Are you sure you don't mean a receiver? A receiver has the amplifiers, pre-amp and tuner built into one box. An AV Receiver is used to connect to a home theater system to switch in and out video sources too, like cable TV and Blu-Ray players.

Also, when you see 2.1, 5.1 or 7.1, the .1 typically stands for the subwoofer. And most subwoofers are self powered-they have their own amplifier built in. The "receiver" sends a "line level" (not amplified) signal to the subwoofer.

We need more information.


----------



## jboydgolfer (Jan 11, 2017)

@Bill_Bright 
i think you scared the OP away


----------



## Bill_Bright (Jan 11, 2017)

I replied just 7 minutes ago so that's too early to tell.


----------



## AnestisMania (Jan 11, 2017)

"Almost peed my pants" ◉_◉
#spooked 

Thank you for coming Mr.bill

So let me answer the questions one at a time

1st what do i need it for music mainly and only music  not planing for gaming movies or anything only musicaa 

2d Since im not an *english guy* as you saw from my gramar and my spelling yes i was talking about receivers 
im just not familiar what is the right term to call them amp's or receivers ..
soo yeah receiver is what we are going for...

(Side note: Sinus power=Rms its a "German word" for older models because Rms is too mainstream for them and they want to make our lifes harder xd..?

38th Also about the number of chanels "5.1" i have another small system witch has a sub and some other small speakers on it.. and i want to hook them up all together (at least that's my plan)

ALSO!!.. Thank you Mr.bill for your help to another topic wayy back at 2016 about pa speakers i made my pick and it was the sony model at the end

Ill be waiting for your replay if you need more information let me know 

and as always Arigato* (thank you at japanise) (• ε •)


----------



## AnestisMania (Jan 11, 2017)

jboydgolfer said:


> @Bill_Bright
> i think you scared the OP away



Plz halp im scared >.<


----------



## nomdeplume (Jan 11, 2017)

Does it need to be new or are you willing to consider better quality and used?


----------



## Vario (Jan 11, 2017)

The speaker pulls power from the amp.  If the amp doesn't have enough power it clips the signal resulting in the voice coil being stressed, overheated, and damaged.  You want an amp that has adequate power.  Good brands to look at are Yamaha and Onkyo.


----------



## AnestisMania (Jan 11, 2017)

Vario said:


> The speaker pulls power from the amp.  If the amp doesn't have enough power it clips the signal resulting in the voice coil being stressed, overheated, and damaged.  You want an amp that has adequate power.  Good brands to look at are Yamaha and Onkyo.

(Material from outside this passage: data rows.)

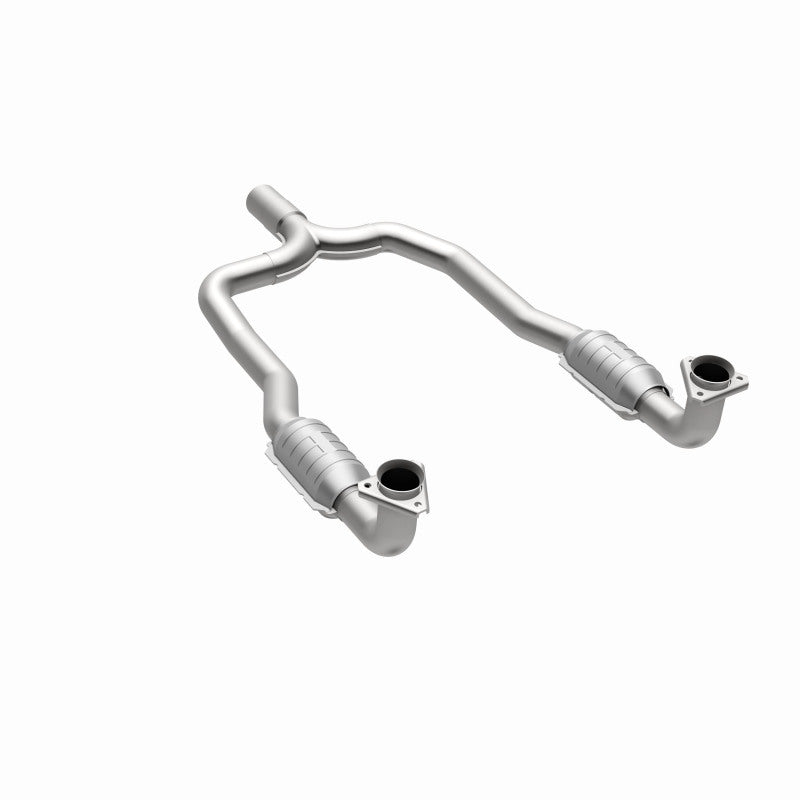 MagnaFlow Conv GM 49X6.5X4 2.25/3 - DTX Performance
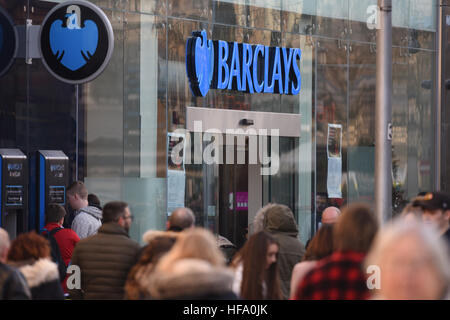 Direction générale de la banque Barclays logo signe à Cardiff, Pays de Galles, Royaume-Uni. Banque D'Images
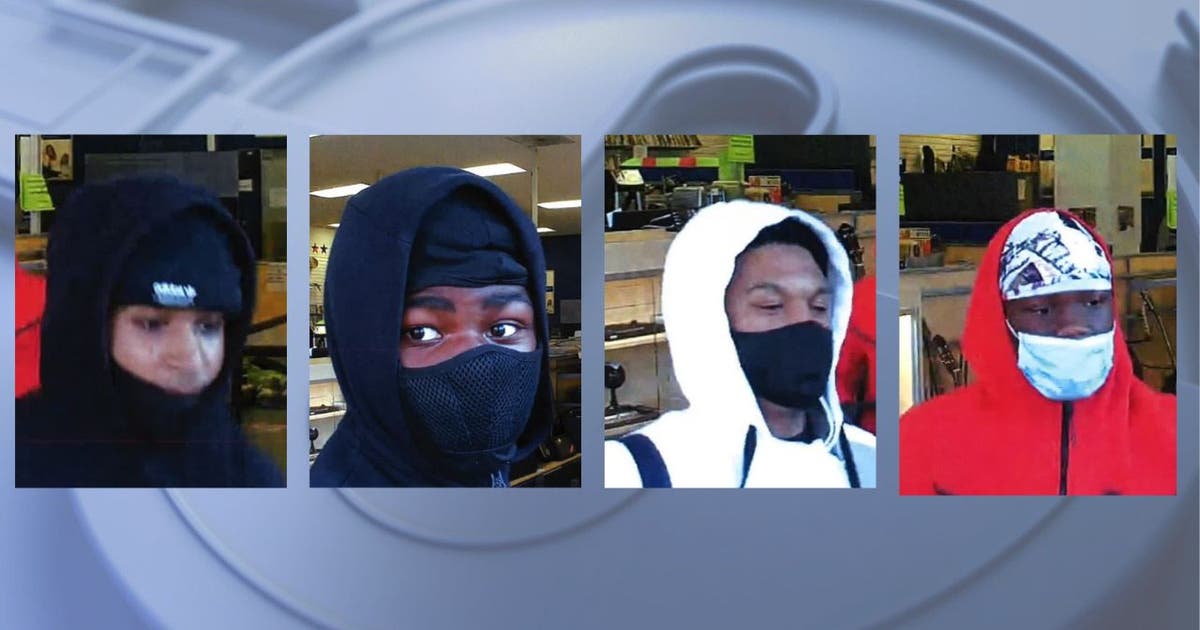 Seattle Police looking to identify 4 suspects who robbed pawn shop at ...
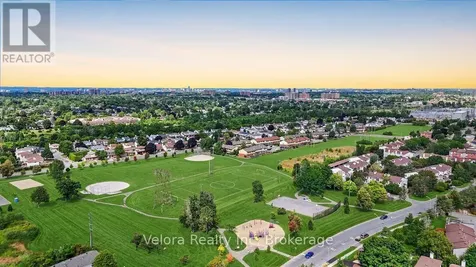 8A Shehyn Lane Ottawa ON K2G 4Y3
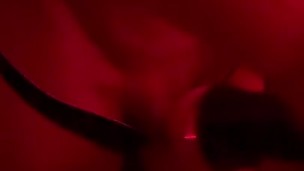 Me masturbo con la tanga de mi novia mientras bailo sexy, mi leche es para ti.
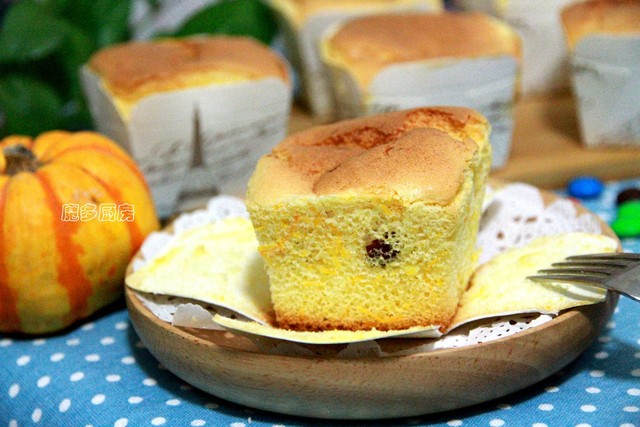 这个蛋糕不用油,选用健康食材,营养丰富老少皆宜,外面买不到的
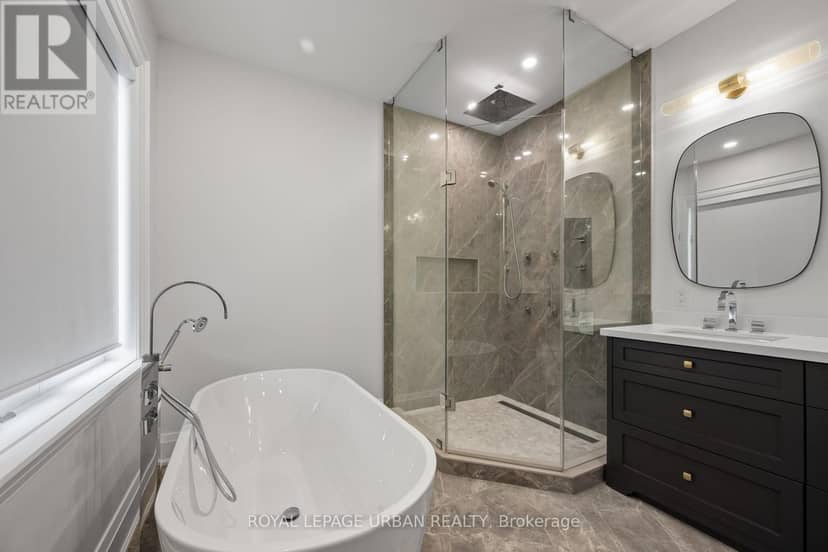 2540 St Clair Avenue E — photo 32 of 40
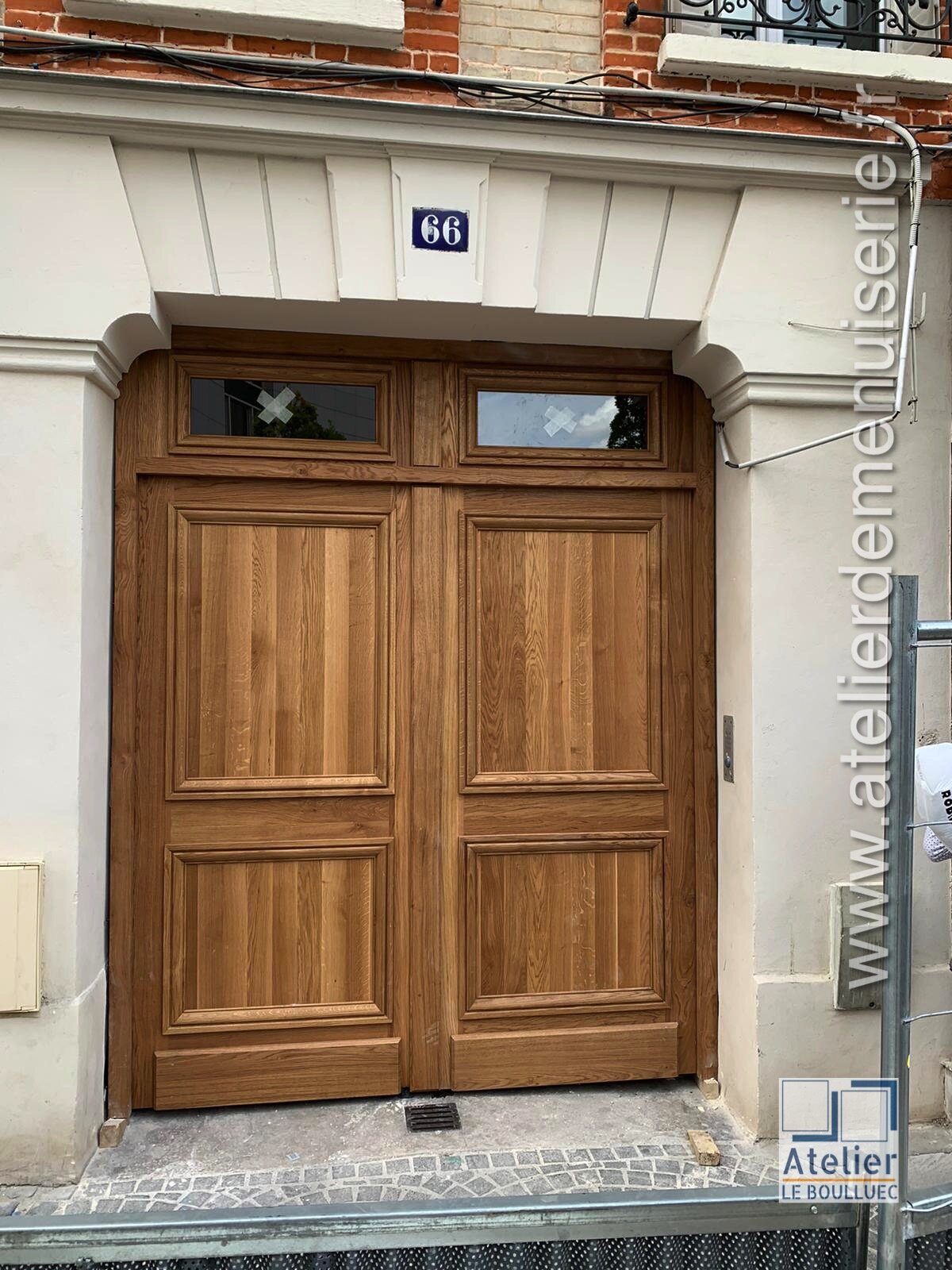 2023 07 - PORTE FACONNEE 66 BD JEAN JAURES PUTEAUX VUE EXT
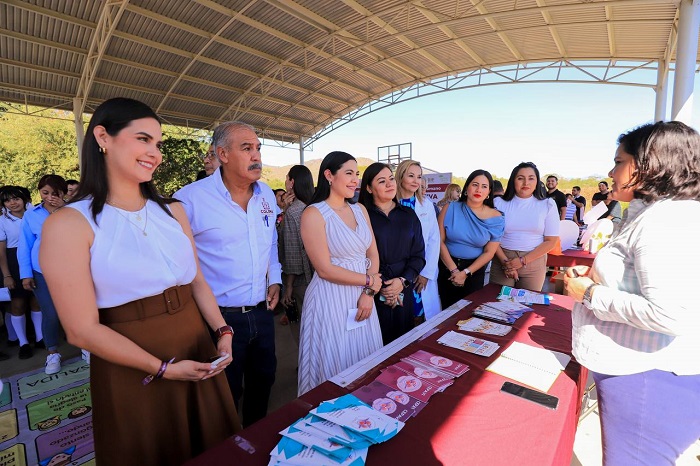 Indira participa en Feria Informativa de Seguridad Escolar y Bienestar Humano, en Santiago, Manzanillo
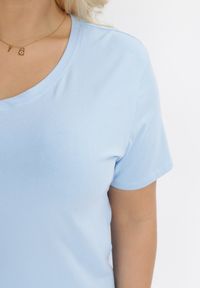 Born2be - Jasnoniebieski T-shirt Mayarinia. Okazja: na co dzień. Kolor: niebieski. Materiał: bawełna, dzianina, jeans. Długość rękawa: krótki rękaw. Długość: krótkie. Wzór: gładki, jednolity. Styl: sportowy, klasyczny, casual
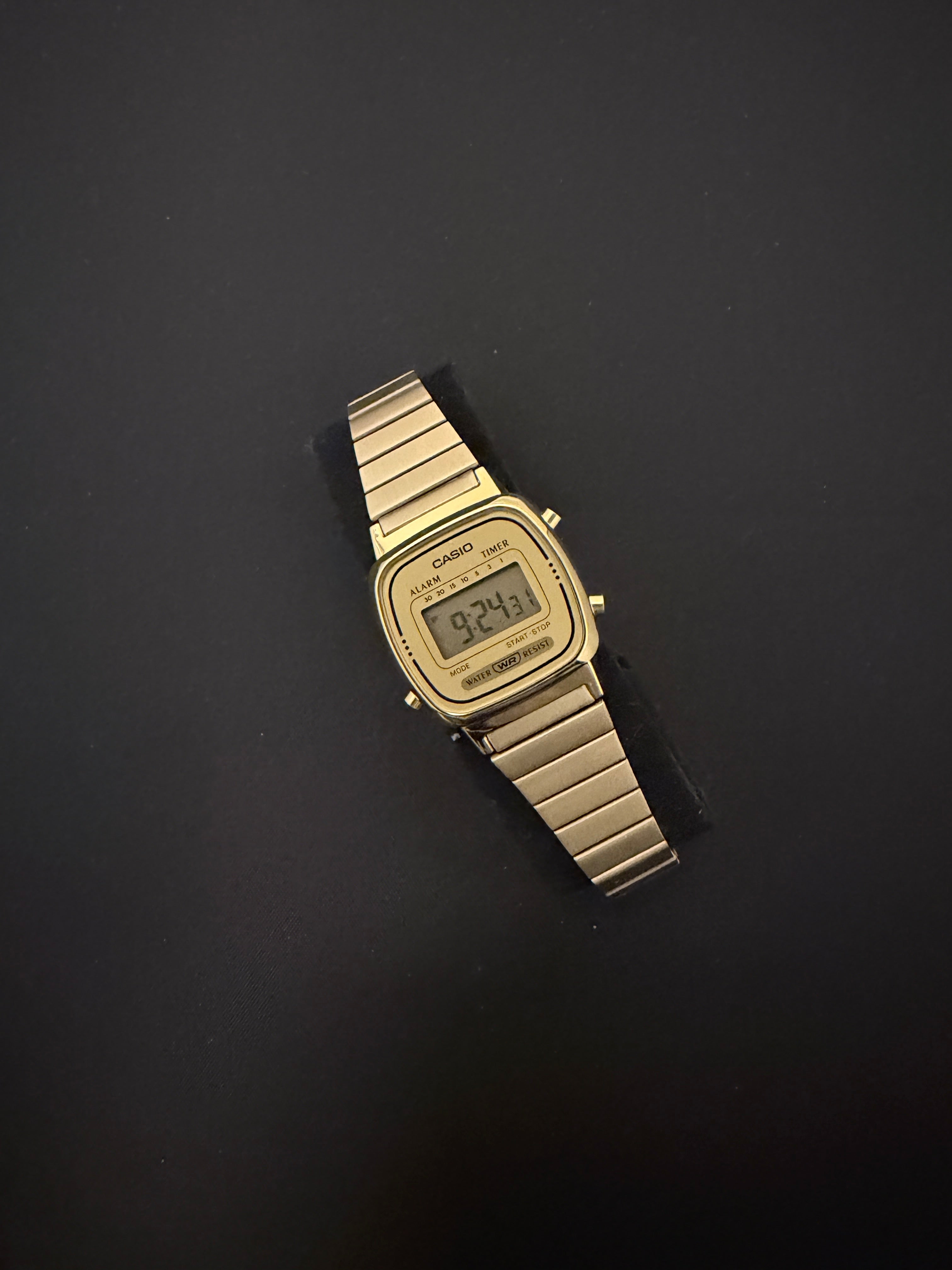 Casio LA670WE GOLD ultra-compact watch New Vintage Collection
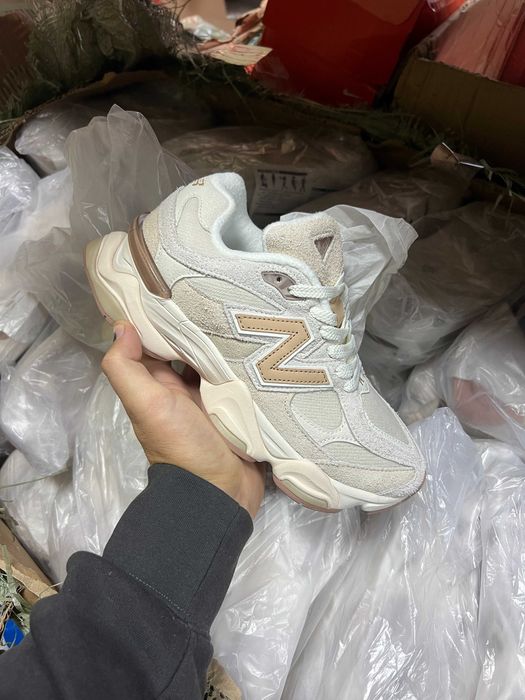Жіночі кросівки New Balance 9060 бежеві молочні нью беланс (36-41)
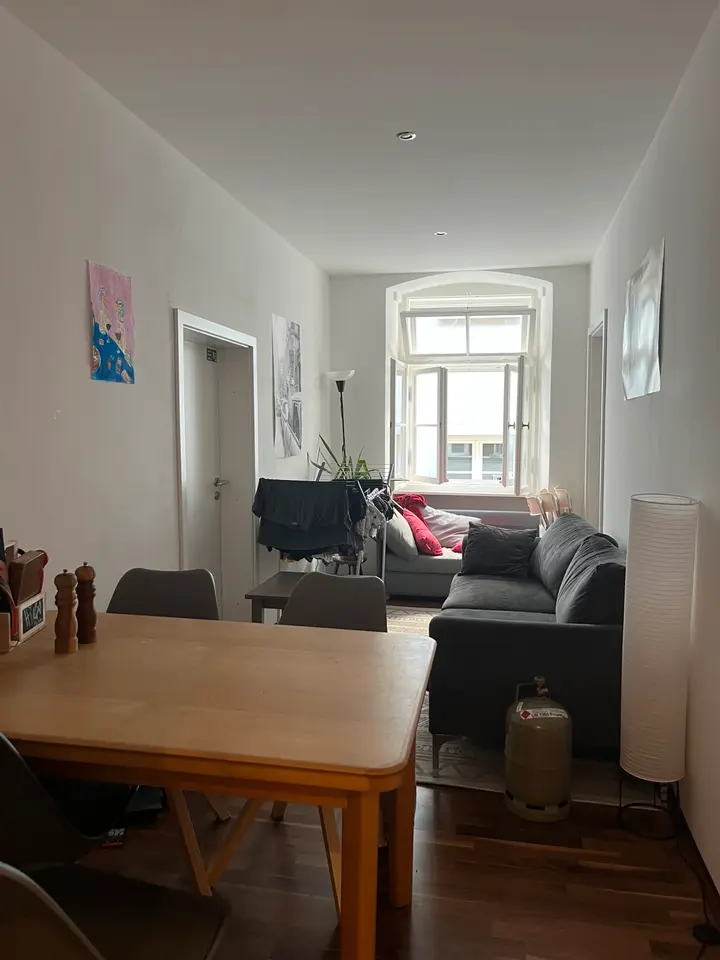 5 Zimmer Wohnung mit 100 m² in Regensburg – Bild 1
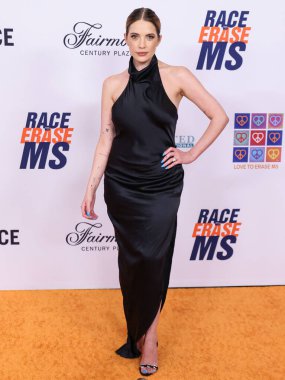 Ashley Benson, 10 Mayıs 2024 'te Fairmont Century Plaza' da düzenlenen MS Gala 2024 'ün 31. Yıllık Silme Yarışı' na katılıyor.. 
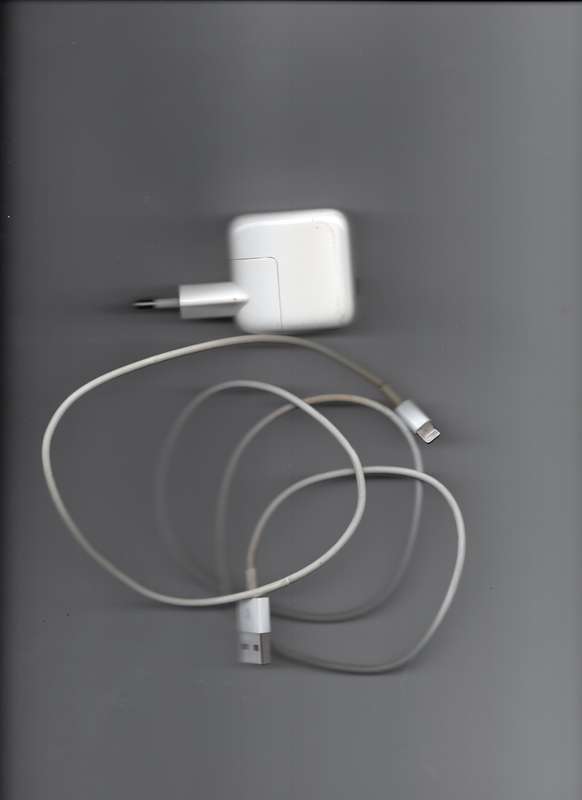 Apple iPad for spares (Not switching on)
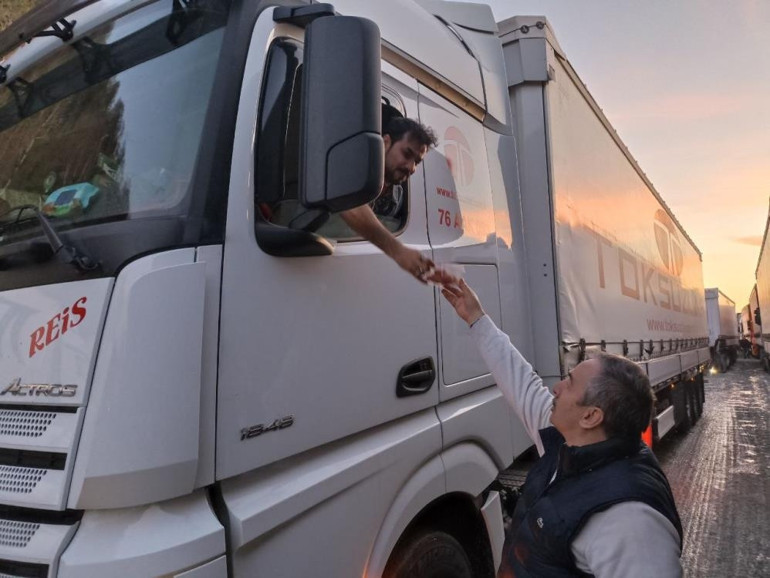 Sonu görünmüyor: 25 kilometrelik TIR kuyruğu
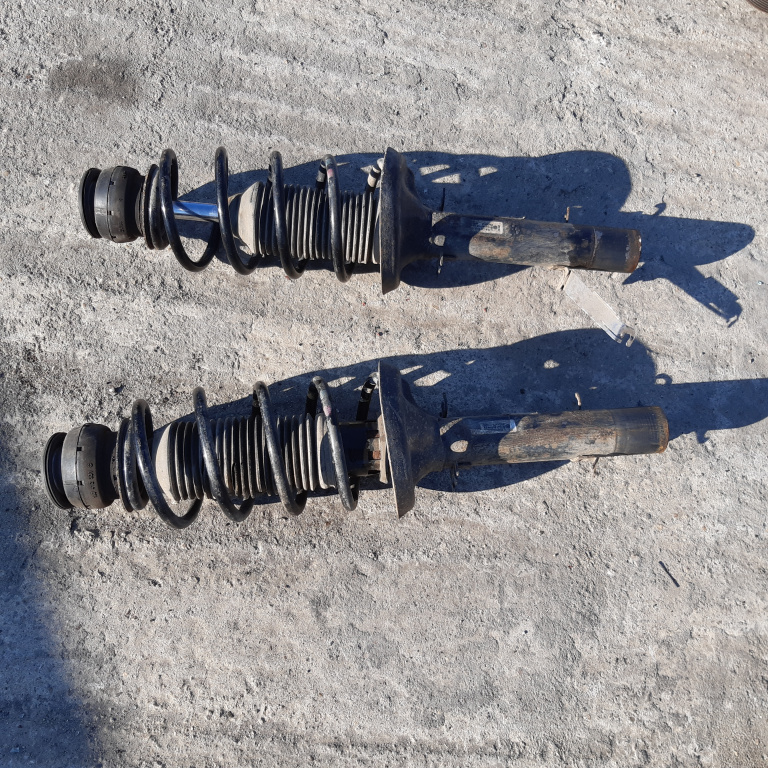 Amortizoare fata cu arcuri si flanse VW Golf 4 / Bora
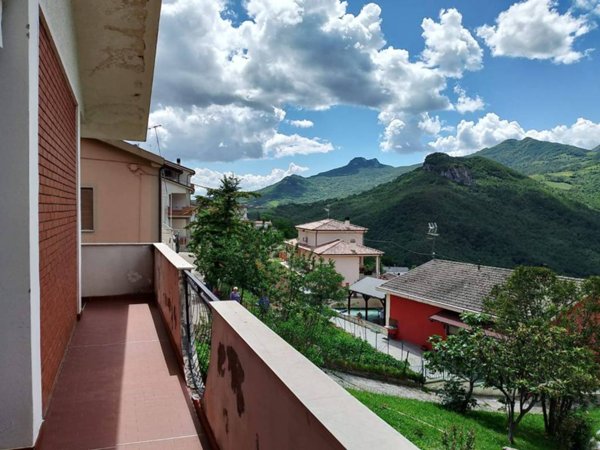 casa indipendente in vendita a Farindola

Hmmm yeah yamaha and pioneer is the ones ill look for but i dont know about other brands when it comes to good i wouldn't trust a brand like onkyo... now that you said it ill give it a look.. thank you...


----------



## Bill_Bright (Jan 11, 2017)

AnestisMania said:


> 38th Also about the number of chanels "5.1" i have another small system witch has a sub and some other small speakers on it.. and i want to hook them up all together (at least that's my plan)


That may or may not be possible. Many small systems are designed to work only within the system they came with.

I like Onkyo - that's what I use now. Denon is another brand to look for. Sony and Yamaha have some good offerings too. 



Vario said:


> The speaker pulls power from the amp.


Ummm, not really. It accepts it.


Vario said:


> If the amp doesn't have enough power it clips the signal


No, it doesn't work that way either. The output of an amplifier is based on the input level to that amp. So when you turn the "gain" up on the preamp, a larger input signal is delivered to the amplifier and the amplifier increases its output in a direct coloration to that input.

The load (impedance) of the speaker affects the wattage out of the amp, but the speaker does not pull power. It accepts it - hopefully gracefully.

A 10,000 watt amplifier can be over driven into clipping if the input is too high. It does not matter if the "load" (the speakers) can handle it or not. If your speakers are 1000W speakers and you drive a 100W amp into clipping, the resulting distorted near square wave signal sent to that speaker can still damage the speaker. That is because the distorted waveform is a waveform the speaker drivers are not designed to reproduce.


----------



## AnestisMania (Jan 11, 2017)

Bill_Bright said:


> I like Onkyo - that's what I use now. Denon is another brand to look for. Sony and Yamaha have some good offerings too.



Hmm i see well at any rate ill see what i can find Denon and onkyo is too expencive for my gusta xd
 oh also i found a Marantz nr1602 7.1 with a nice price used... how about it :? any ideas for the brand?

also question when im saying im going to hook up some other speakers what do i mean...

those speakers have some outputs that can be used to transfer the sound to some other speakers (Note: every speaker has its own power)(how i use my setup so far i use the sony outputs with an rca to jack 3.5 to play it with my hifi) so my idea is i cant use the same thing to my receiver use it's outputs or inputs to just transfer the sound to my other components (im sure what im trying to do is not good but meh... IN THE NAME OF SIENCE) 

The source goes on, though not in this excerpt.